Kämpferisch war der Chilene überzeugend, aber manchmal auch über die Grenzen des Fairplays hinaus und hatte Glück, dass sein Ellbogen im Gesicht von Max Kruse nicht mit dem zweiten Strafstoß des Abends sanktioniert wurde. Note: 3- Dominik Kohr War in der turbulenten Anfangsphase nicht wirklich auf der Höhe des Geschehens, dafür aber beim 1:2, das er mit einer starken Einzelaktion vorbereitete.

Danach war er nicht nur kämpferisch voll dabei, sondern war lautstark dirigierend auch sehr um Ordnung im Mittelfeld bemüht. Note: 3 Leon Bailey Er hatte kurz nach dem frühen Elfmeter-Schock die beste Chance der Werkself, doch seinen Kopfball-Aufsetzer konnte Jiri Pavlenka mit einer starken Parade entschärfen. Offensive Wunderwerke vollbrachte er diesmal trotz einiger feiner Einzelaktionen nicht.

Note: 4+ Julian Brandt Bis zum Anschlusstreffer, bei dem der Nationalspieler kaum etwas falsch machen konnte, war nicht viel von ihm zu sehen. Danach wurde es besser, viel besser. Sein Treffer zum 2:2 war ein Augenschmaus. Gegen den Klub aus seiner Geburtsstadt war er wohl besonders motiviert. Nach 101 Minuten war sein Arbeitstag beendet.
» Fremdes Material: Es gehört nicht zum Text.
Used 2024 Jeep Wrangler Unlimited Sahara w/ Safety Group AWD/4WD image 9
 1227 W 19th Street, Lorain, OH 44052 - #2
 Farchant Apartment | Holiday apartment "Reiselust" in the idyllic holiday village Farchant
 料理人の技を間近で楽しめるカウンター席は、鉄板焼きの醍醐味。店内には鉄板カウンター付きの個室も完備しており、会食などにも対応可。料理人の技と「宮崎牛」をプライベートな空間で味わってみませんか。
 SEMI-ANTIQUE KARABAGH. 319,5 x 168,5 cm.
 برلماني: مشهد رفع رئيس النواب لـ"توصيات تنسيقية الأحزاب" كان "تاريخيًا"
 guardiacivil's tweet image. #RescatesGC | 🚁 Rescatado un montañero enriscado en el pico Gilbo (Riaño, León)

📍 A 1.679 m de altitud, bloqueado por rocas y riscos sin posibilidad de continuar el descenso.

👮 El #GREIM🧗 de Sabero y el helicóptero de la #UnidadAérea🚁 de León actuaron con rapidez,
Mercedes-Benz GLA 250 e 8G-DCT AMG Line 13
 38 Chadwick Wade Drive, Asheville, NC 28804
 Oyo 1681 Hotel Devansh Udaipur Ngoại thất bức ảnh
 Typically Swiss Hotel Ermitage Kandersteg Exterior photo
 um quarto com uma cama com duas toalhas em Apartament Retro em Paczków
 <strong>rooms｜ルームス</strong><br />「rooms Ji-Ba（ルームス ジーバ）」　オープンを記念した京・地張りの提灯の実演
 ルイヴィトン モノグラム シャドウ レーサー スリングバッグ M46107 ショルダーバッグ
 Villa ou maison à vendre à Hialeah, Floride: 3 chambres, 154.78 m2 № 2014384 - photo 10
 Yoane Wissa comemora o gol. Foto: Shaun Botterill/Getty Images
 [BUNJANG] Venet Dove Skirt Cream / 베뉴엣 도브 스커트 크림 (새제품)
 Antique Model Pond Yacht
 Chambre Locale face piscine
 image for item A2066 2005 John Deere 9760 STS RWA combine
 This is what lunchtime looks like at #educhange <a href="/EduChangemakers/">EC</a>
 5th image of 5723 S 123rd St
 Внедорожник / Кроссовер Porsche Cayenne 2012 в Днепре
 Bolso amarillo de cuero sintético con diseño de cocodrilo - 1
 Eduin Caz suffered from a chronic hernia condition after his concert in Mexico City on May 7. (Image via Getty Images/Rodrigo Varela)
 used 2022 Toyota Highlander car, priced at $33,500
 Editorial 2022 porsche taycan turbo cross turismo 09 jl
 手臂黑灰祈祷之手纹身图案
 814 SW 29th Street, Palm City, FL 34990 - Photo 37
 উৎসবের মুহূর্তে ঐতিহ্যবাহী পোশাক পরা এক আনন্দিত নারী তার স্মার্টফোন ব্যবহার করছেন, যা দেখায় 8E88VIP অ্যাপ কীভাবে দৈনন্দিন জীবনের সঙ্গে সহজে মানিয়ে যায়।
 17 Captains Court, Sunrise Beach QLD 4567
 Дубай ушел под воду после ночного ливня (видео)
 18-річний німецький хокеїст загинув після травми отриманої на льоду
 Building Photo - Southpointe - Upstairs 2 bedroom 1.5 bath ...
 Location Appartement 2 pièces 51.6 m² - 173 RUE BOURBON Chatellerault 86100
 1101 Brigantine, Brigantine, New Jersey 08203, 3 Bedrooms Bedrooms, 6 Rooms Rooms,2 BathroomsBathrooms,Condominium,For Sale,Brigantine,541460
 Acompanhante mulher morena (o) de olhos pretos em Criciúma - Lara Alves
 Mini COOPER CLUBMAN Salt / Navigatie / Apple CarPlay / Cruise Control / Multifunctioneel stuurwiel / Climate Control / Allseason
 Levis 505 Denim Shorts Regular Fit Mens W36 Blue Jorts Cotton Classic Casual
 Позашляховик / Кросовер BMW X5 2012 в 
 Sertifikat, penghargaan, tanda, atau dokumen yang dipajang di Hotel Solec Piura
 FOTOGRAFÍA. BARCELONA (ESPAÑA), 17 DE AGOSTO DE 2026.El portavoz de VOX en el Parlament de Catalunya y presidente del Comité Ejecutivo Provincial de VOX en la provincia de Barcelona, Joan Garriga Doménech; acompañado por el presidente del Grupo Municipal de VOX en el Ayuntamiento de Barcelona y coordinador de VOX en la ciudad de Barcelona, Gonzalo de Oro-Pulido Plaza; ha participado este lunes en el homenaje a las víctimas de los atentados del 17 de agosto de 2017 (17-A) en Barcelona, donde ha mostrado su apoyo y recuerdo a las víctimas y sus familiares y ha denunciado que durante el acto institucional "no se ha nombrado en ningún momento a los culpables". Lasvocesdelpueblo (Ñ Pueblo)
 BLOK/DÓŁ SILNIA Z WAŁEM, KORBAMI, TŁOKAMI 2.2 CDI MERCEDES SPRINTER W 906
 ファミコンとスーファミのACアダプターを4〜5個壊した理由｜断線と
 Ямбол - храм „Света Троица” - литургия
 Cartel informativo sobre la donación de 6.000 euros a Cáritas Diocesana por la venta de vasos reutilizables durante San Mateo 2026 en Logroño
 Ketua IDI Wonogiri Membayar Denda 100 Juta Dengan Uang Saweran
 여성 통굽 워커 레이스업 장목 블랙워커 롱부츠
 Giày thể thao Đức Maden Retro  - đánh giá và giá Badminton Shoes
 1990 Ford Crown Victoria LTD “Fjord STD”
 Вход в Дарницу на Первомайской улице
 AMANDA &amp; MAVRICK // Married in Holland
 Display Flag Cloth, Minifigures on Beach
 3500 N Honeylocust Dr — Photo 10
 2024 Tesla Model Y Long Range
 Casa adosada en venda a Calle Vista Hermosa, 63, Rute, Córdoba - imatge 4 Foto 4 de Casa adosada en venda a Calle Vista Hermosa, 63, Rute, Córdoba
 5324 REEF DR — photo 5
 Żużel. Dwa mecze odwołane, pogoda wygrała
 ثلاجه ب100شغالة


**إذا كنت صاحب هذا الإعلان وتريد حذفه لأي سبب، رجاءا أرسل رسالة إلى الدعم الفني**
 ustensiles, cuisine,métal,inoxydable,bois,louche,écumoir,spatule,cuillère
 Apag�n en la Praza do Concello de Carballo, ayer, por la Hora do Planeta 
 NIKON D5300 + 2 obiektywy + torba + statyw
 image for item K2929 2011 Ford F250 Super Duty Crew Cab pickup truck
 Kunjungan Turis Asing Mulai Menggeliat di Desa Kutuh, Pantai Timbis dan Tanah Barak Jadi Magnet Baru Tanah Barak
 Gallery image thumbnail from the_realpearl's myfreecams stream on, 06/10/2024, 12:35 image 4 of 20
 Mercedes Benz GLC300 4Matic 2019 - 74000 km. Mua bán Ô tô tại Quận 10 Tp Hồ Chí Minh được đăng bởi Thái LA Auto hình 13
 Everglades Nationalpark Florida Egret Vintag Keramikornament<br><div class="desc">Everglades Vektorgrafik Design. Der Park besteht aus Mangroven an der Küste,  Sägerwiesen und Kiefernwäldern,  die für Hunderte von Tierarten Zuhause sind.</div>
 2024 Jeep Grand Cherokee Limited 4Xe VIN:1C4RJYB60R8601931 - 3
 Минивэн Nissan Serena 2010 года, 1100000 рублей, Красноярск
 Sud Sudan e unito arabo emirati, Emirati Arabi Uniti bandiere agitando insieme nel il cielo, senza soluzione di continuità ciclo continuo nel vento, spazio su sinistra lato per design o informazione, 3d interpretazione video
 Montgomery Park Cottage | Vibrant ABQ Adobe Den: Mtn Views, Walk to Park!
Note: 2+ Kai Havertz Sein folgenschweres Missverständnis mit Kevin Volland leitete den Bremer Spielzug ein, der zum 0:2 führte.

Das kann man unglücklich nennen - oder unkonzentriert. Er brauchte lange, um ins Spiel zu finden, was ihm trotz des Tores zum 4:2 nur ledlich gelang. Note: 3 Kevin Volland Siehe Kai Havertz: Dem Torjäger hat das 0:2 zu einem gehörigen Teil mitzuverantworten. Danach hatte er das Glück ebenfalls nicht für sich gepachtet. Note: 4 Benjamin Henrichs (ab 79.) Ersetzte Kapitän Lars Bender und hatte mit nur noch auf Konter lauernden Bremern wenig Mühe.

Note: 3 Lucas Alario (ab 102.) In der Verlängerung durfte Argentinier mitmischen, blieb aber torlos. Note: 3+ Karim Bellarabi (ab 108.) Kam für Dominik Kohr und erzielte Sekunden später das 3:2. Das ist der Stoff, aus dem Pokallegenden sind. Note: 2 Panagiotis Retsos (ab 113.) Half dabei, den Sieg über die Zeit zu retten.